REQUIREMENT: From the entries below, return exactly the lines beginning at the one that contains "2021 Cadillac CT4 Premium Luxury" and ending at the one that contains "Land Rover Range", both of them included, and only those lines.

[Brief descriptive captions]
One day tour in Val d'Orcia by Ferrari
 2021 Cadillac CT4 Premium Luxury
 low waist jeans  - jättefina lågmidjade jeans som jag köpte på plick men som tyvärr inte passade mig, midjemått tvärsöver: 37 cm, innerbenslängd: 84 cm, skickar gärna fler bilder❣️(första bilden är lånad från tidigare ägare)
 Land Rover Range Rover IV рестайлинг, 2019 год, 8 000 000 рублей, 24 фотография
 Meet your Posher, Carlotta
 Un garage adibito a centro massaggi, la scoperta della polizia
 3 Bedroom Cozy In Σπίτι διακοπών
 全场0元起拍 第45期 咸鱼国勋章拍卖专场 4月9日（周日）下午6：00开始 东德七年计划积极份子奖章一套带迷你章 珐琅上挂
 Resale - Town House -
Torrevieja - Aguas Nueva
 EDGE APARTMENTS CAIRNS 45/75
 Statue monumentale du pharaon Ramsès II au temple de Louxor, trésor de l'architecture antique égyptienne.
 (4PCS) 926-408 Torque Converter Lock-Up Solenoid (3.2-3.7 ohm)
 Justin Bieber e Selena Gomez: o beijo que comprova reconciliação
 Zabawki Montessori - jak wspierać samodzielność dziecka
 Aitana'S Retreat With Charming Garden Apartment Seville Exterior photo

ANSWER BELOW:
 2021 Cadillac CT4 Premium Luxury
 low waist jeans  - jättefina lågmidjade jeans som jag köpte på plick men som tyvärr inte passade mig, midjemått tvärsöver: 37 cm, innerbenslängd: 84 cm, skickar gärna fler bilder❣️(första bilden är lånad från tidigare ägare)
 Land Rover Range Rover IV рестайлинг, 2019 год, 8 000 000 рублей, 24 фотография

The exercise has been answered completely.